Raw data:

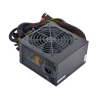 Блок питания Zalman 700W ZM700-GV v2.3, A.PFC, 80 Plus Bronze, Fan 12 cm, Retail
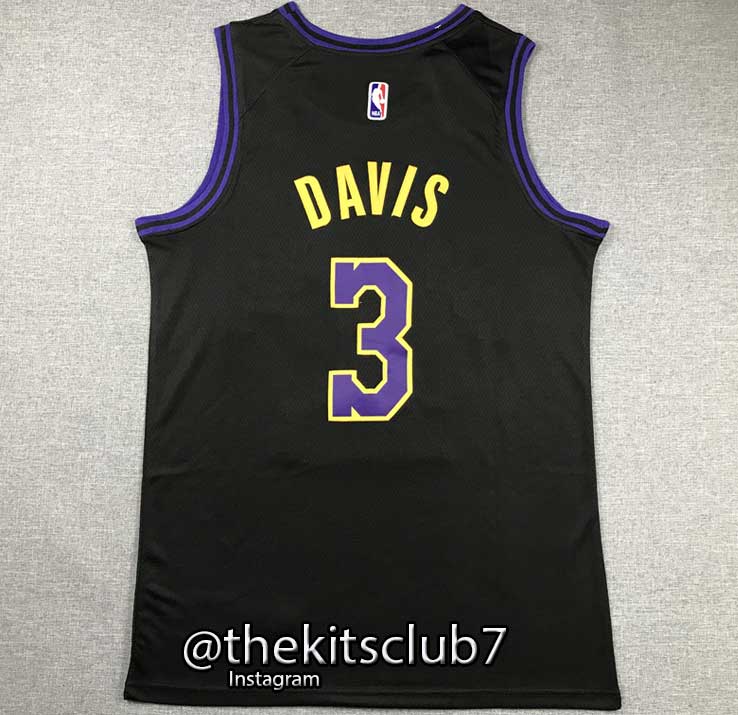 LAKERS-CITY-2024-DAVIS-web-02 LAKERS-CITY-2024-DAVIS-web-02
---
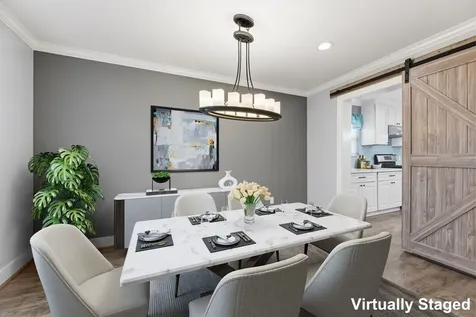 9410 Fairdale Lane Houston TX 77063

Required work:
Above are some records. Output exactly the lines from the one that contains "Блок питания Zalman" to the one that contains "LAKERS-CITY-2024-DAVIS-web-02 LAKERS-CITY-2024-DAVIS-web-02", keeping both, and omit the pictures.

The completed task:
 Блок питания Zalman 700W ZM700-GV v2.3, A.PFC, 80 Plus Bronze, Fan 12 cm, Retail
 LAKERS-CITY-2024-DAVIS-web-02 LAKERS-CITY-2024-DAVIS-web-02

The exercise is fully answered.